Task prompt — From the first line of the material below to the line containing "بازدید از بخش", repeat every line exactly and add nothing.

_ _ _

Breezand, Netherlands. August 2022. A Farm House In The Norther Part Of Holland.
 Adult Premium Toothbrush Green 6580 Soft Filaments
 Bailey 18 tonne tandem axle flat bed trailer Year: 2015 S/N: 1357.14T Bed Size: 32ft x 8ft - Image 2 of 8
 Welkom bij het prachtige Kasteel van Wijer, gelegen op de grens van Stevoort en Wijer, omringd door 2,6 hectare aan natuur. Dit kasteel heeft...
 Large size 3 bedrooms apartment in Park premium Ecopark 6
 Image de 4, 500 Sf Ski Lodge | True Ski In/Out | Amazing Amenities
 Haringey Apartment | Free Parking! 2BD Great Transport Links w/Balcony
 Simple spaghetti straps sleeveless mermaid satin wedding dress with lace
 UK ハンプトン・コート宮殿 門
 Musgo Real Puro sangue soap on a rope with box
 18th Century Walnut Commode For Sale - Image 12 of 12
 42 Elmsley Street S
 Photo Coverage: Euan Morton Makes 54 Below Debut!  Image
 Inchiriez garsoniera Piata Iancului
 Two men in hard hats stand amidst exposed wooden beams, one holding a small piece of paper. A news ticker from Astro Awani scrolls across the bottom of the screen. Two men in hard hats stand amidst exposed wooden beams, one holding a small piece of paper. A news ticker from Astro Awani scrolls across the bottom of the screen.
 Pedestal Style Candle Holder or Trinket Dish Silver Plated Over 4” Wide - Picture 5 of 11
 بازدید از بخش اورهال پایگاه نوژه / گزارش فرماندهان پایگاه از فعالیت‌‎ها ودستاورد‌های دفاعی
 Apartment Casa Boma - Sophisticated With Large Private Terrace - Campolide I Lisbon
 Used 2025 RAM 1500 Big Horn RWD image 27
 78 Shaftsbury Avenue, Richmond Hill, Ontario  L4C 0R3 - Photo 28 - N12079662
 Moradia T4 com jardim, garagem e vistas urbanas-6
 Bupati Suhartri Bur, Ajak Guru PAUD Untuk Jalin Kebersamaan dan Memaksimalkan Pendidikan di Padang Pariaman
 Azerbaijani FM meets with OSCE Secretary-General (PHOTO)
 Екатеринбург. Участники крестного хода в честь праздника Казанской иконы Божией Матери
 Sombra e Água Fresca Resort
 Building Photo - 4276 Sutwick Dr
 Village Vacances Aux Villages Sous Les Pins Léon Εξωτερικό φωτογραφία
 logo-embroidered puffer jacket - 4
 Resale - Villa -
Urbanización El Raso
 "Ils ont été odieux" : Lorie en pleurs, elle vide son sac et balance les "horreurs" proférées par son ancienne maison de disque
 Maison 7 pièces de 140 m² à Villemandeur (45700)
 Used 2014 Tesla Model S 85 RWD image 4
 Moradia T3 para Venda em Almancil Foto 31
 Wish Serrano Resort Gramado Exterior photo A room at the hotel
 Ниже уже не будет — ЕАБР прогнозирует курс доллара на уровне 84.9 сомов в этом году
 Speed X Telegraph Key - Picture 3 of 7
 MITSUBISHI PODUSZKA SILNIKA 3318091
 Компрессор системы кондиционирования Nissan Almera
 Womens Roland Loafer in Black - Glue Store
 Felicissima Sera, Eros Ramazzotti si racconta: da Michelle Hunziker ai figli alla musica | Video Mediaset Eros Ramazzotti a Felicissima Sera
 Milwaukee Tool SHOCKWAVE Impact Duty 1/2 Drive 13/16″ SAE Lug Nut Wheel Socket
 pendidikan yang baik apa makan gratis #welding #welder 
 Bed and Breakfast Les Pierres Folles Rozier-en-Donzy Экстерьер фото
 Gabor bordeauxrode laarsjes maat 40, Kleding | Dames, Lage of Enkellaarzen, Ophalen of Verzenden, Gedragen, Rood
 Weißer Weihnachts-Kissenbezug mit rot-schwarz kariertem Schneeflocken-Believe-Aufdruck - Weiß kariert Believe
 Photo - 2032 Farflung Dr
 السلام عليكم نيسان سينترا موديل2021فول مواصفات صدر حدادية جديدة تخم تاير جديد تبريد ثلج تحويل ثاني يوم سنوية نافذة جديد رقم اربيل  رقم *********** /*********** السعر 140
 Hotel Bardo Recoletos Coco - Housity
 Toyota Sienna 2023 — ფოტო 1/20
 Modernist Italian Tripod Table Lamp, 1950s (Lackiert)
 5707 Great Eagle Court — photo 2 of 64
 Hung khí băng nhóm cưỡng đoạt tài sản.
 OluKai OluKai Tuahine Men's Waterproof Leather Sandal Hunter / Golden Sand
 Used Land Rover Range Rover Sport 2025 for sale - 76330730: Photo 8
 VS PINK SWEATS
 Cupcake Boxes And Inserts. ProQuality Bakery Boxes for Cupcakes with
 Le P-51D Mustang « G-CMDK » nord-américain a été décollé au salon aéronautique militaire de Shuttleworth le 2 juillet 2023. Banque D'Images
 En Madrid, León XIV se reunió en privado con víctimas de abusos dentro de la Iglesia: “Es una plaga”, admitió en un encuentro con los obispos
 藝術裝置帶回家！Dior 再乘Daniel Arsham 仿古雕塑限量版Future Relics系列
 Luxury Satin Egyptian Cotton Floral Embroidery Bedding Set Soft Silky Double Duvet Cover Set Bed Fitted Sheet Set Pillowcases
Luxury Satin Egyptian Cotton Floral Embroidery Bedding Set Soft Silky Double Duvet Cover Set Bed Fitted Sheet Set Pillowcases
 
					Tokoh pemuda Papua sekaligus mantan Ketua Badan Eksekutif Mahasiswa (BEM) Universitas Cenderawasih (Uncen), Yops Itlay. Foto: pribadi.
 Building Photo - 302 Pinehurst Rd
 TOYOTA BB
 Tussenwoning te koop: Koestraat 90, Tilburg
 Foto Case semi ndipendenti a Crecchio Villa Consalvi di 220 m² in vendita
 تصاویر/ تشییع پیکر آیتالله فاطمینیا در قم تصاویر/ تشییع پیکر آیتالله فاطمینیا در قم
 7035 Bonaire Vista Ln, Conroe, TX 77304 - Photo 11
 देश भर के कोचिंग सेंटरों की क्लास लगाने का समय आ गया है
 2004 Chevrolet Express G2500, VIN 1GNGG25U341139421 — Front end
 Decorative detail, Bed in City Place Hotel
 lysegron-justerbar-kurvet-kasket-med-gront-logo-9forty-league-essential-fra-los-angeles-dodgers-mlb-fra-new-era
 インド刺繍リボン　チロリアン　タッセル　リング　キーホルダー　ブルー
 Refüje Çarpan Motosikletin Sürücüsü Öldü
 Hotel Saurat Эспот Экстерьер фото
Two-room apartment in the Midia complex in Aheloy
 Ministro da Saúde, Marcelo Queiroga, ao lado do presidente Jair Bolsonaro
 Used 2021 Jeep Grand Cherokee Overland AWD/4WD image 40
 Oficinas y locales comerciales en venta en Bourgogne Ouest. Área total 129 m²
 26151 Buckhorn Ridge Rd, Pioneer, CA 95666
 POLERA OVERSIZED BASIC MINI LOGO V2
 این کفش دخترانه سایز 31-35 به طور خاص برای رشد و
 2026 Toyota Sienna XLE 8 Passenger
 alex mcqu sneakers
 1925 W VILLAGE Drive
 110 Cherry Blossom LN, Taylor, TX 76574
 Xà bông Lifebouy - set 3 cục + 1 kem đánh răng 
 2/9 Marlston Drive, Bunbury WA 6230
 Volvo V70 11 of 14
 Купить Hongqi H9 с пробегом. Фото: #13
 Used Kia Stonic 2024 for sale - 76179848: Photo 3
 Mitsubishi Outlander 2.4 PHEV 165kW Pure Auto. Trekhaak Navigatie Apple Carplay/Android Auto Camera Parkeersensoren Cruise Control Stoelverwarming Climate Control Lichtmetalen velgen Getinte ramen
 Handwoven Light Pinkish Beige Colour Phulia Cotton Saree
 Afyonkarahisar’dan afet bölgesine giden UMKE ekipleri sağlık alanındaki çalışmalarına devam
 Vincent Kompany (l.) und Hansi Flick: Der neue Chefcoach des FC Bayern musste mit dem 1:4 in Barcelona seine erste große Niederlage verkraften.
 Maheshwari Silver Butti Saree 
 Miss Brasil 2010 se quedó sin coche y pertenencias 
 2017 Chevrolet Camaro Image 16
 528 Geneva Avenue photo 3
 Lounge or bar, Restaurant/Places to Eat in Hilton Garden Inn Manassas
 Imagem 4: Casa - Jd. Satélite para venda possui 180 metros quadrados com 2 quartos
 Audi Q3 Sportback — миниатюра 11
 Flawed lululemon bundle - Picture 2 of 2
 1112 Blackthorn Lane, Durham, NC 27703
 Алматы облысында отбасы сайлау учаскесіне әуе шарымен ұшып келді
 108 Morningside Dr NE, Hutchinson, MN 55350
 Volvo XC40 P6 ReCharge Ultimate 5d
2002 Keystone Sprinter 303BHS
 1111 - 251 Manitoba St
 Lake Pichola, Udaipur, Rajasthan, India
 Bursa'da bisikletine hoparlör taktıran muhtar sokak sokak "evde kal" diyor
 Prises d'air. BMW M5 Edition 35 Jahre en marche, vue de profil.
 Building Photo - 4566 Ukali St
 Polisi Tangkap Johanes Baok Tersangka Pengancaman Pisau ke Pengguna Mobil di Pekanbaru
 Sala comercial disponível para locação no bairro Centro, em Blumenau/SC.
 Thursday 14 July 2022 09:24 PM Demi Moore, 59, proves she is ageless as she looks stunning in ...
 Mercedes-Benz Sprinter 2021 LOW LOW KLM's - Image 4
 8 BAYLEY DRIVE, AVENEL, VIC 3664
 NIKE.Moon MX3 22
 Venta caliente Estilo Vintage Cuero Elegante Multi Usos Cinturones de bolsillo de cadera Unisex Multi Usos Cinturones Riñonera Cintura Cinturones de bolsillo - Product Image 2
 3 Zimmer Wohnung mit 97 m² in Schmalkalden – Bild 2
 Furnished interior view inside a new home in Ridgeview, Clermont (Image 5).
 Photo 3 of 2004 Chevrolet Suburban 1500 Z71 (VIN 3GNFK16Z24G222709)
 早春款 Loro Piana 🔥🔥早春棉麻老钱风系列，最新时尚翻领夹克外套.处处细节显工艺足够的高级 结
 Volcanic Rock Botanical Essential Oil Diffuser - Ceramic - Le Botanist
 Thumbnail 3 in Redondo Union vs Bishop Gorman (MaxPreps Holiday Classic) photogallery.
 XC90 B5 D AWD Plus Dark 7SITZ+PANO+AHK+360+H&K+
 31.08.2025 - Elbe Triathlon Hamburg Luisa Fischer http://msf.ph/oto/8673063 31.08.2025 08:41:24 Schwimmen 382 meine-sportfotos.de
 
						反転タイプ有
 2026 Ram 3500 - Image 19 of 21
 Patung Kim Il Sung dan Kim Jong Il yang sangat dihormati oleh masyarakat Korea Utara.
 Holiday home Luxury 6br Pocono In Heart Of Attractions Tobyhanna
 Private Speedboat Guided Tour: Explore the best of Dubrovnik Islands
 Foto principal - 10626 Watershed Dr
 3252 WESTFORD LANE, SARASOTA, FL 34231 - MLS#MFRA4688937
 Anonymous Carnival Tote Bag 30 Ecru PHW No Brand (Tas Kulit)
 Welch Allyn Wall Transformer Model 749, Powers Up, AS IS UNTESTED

_ _ _

Answer section —
Breezand, Netherlands. August 2022. A Farm House In The Norther Part Of Holland.
 Adult Premium Toothbrush Green 6580 Soft Filaments
 Bailey 18 tonne tandem axle flat bed trailer Year: 2015 S/N: 1357.14T Bed Size: 32ft x 8ft - Image 2 of 8
 Welkom bij het prachtige Kasteel van Wijer, gelegen op de grens van Stevoort en Wijer, omringd door 2,6 hectare aan natuur. Dit kasteel heeft...
 Large size 3 bedrooms apartment in Park premium Ecopark 6
 Image de 4, 500 Sf Ski Lodge | True Ski In/Out | Amazing Amenities
 Haringey Apartment | Free Parking! 2BD Great Transport Links w/Balcony
 Simple spaghetti straps sleeveless mermaid satin wedding dress with lace
 UK ハンプトン・コート宮殿 門
 Musgo Real Puro sangue soap on a rope with box
 18th Century Walnut Commode For Sale - Image 12 of 12
 42 Elmsley Street S
 Photo Coverage: Euan Morton Makes 54 Below Debut!  Image
 Inchiriez garsoniera Piata Iancului
 Two men in hard hats stand amidst exposed wooden beams, one holding a small piece of paper. A news ticker from Astro Awani scrolls across the bottom of the screen. Two men in hard hats stand amidst exposed wooden beams, one holding a small piece of paper. A news ticker from Astro Awani scrolls across the bottom of the screen.
 Pedestal Style Candle Holder or Trinket Dish Silver Plated Over 4” Wide - Picture 5 of 11
 بازدید از بخش اورهال پایگاه نوژه / گزارش فرماندهان پایگاه از فعالیت‌‎ها ودستاورد‌های دفاعی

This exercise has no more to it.